15年以上前にご縁があって毎年夏に、指導に伺っている部活オーケストラの定期演奏会時に、浩子さんとの演奏を依頼され子供たちとの共演のために、友人の作曲家町田育弥君に編曲をお願いしました。
 楽譜が出来て、学校に送付して子供たちは「メトロノーム」を相手に練習。
本番当日、1時間だけの合わせで本番を迎えました。「弾き振り」でゲネプロ本番という暴挙でしたが、浩子さんのピアノにも参加してもらったことで、なんとか乗り切りました。

 公立の中学校に吹奏楽部はあっても、弦楽合奏部やオーケストラの部活はほとんどありません。高校になって、一部の公立高校にちらほら見受けられるのが現状です。地域によるの差も激しく、千葉県、長野県では盛んに弦楽器を部活動に取り入れています。
 「弦楽器は高い」という「まことしやかな嘘」がその原因だと言う人もいます。吹奏楽部で使用する楽器の総額と、入門用の量産弦楽器の総額で考えると、むしろ弦楽器の方が安いのをご存知でしょうか?
 「弦楽器は種類が多い」というでたらめな話。吹奏楽で使用する楽器の方が、酒類多いんですけど(笑)弦楽合奏「ヴァイオリン・ヴィオラ・チェロ・コントラバス」の4種類です。一方で吹奏楽では「フルート、クラリネット、アルトサキソフォン、テナーサキソフォン、トランペット、トロンボーン、ユーフォニューム、チューバ、打楽器数知れず」は最低限必要です。
 「指導が難しい」というすっとぼけた大嘘に腹が立ちます。
吹奏楽の指導なら簡単なんかいっ!(怒)
先述の通り、吹奏楽の楽器の種類が弦楽合奏より多いのに、「素人顧問でも指導できる」ってどんな根拠でしょう?ありえないですよ。

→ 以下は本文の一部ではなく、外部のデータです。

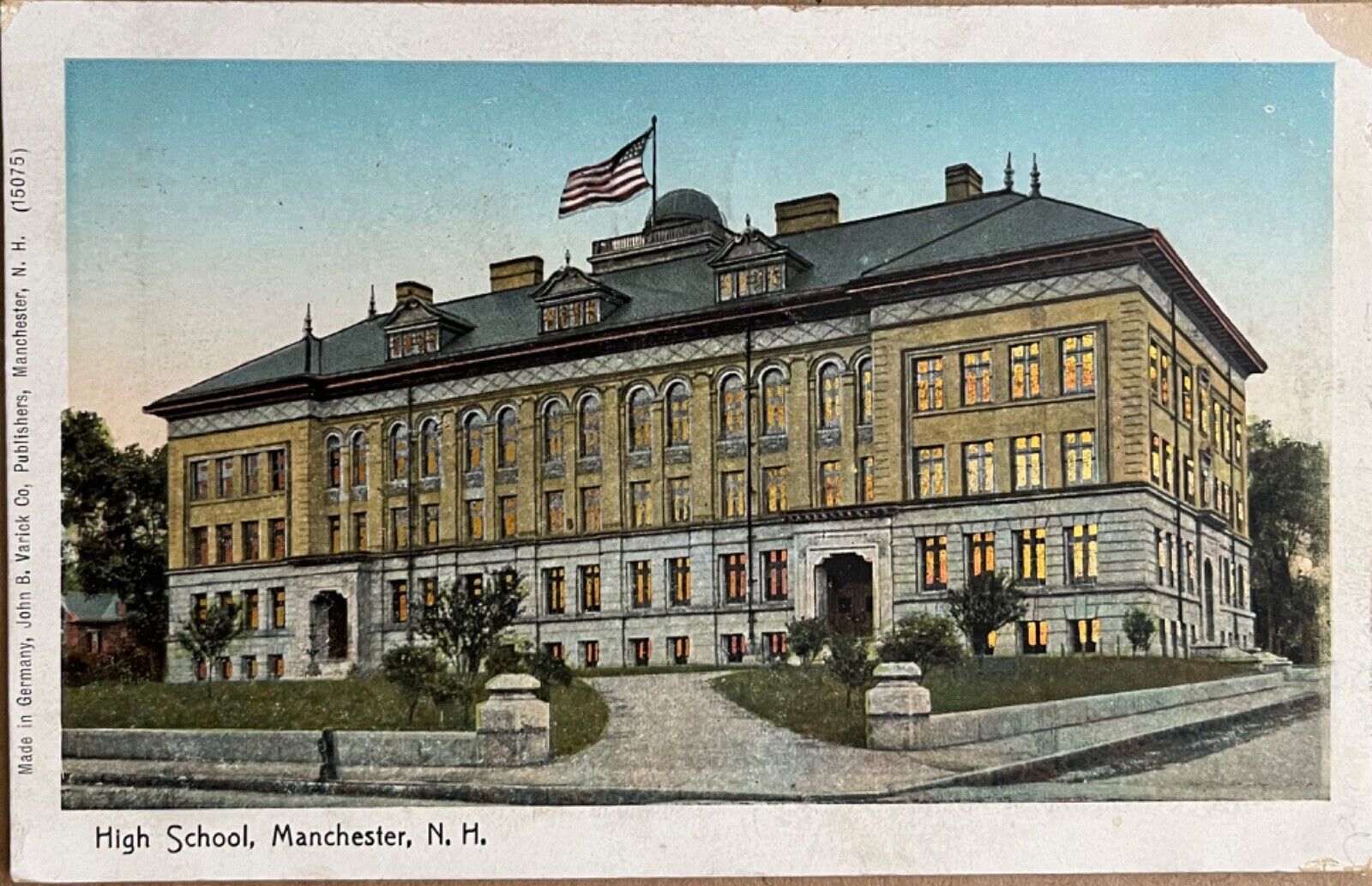 Manchester NH HIGH School Copper Windows New Hampshire Vintage Postcard c1900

 はっきり言ってしまえば、楽器に触ったこともなく、音楽に関心もない「顧問」が「もっと練習しなさい」と掛け声をかけて、練習を休む生徒をまるで戦争中の「赤狩り」のごとく、生徒同士にスパイをさせてあぶりだす「ブラック吹奏楽」これが指導だと言うのなら、弦楽部は作らないでいただきたいですが。
 音楽を通して、子供たちが絆を感じること、演奏を通して、誰かを笑顔にする体験、音楽系の部活動の素晴らしさです。

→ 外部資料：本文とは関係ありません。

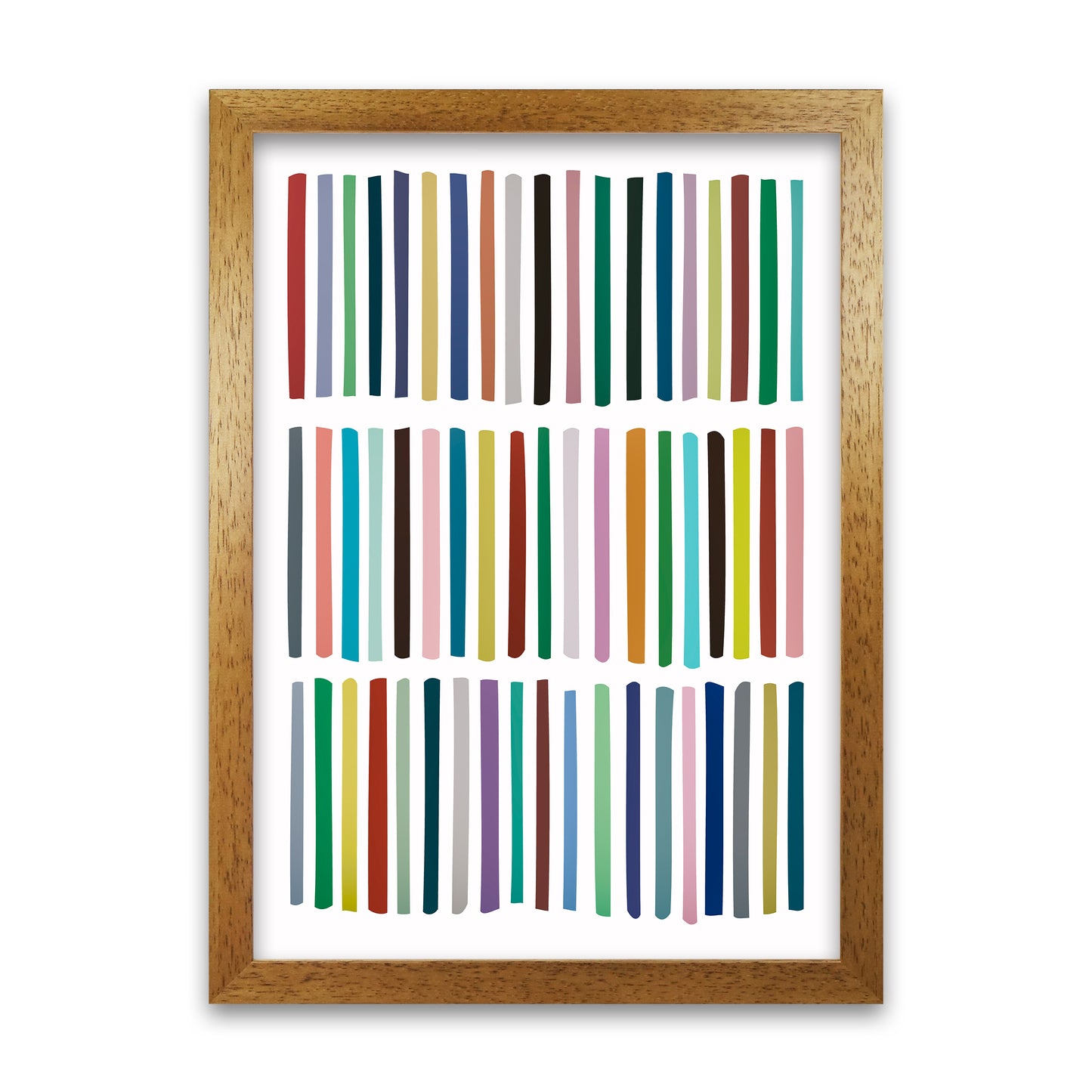 Scandinavian Lines Artwork Original Oak Grain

 その素晴らしさよりも、生徒を縛り無意味なこと=本人たちは練習だと思っているに子供たちの、貴重な時間を割き拘束する。音楽ではなく「強制労働」です。それを「音楽」と呼ばないで欲しいのです。

 弦楽器の指導に必要な知識を、教員が学ぶ時間がないのなら、学校外から指導者を呼べば良いのです。運動系の部活動でも同じです。素人の「根性論」で顧問がしどうすれば生徒は身体を壊すだけです。音楽で言うなら、音楽大学を卒業したての若い演奏家や学生に顧問が立ち会って生徒の実技指導を出来るはずです。
 顧問がいない状態での部活動は、すでに学校教育活動ではありません。
外部の指導者だけで、部活指導をするのは法律的に間違っています。
弦楽器の合奏が、吹奏楽のそれと比較して何が違うのか?
少ない種類の楽器で、4つから5つのパートで演奏する「弦楽合奏」は、音色の種類がすべて同じです。吹奏楽と比較して「まとまりやすい」音色です。
 特殊な場合を除き、弦楽器は屋外で演奏できません。野球の応援には使えません。だから?吹奏楽ですか?
 弦楽器と管楽器・打楽器で「管弦楽~オーケストラ」ができます。
弦楽合奏と、数種類の管楽器だけでもオーケストラです。
「ウインド・オーケストラ」と言う名前を見るたびに、なんとなく違和感を覚えるのは私だけでしょうか?「ウインド・アンサンブル」は当然存在します。
 学校に弦楽器を導入するか?しないか?と言う話の前に、部活動とは何か?について社会が理解することが先決だと思います。
 楽器の演奏を趣味にする人が増えることで、人にやさしくできる人が増えると思っています。競う事より、助け合う事の大切さを体感できる合奏が、日本中に広まることを願っています。
 最後までお読みいただき、ありがとうございました。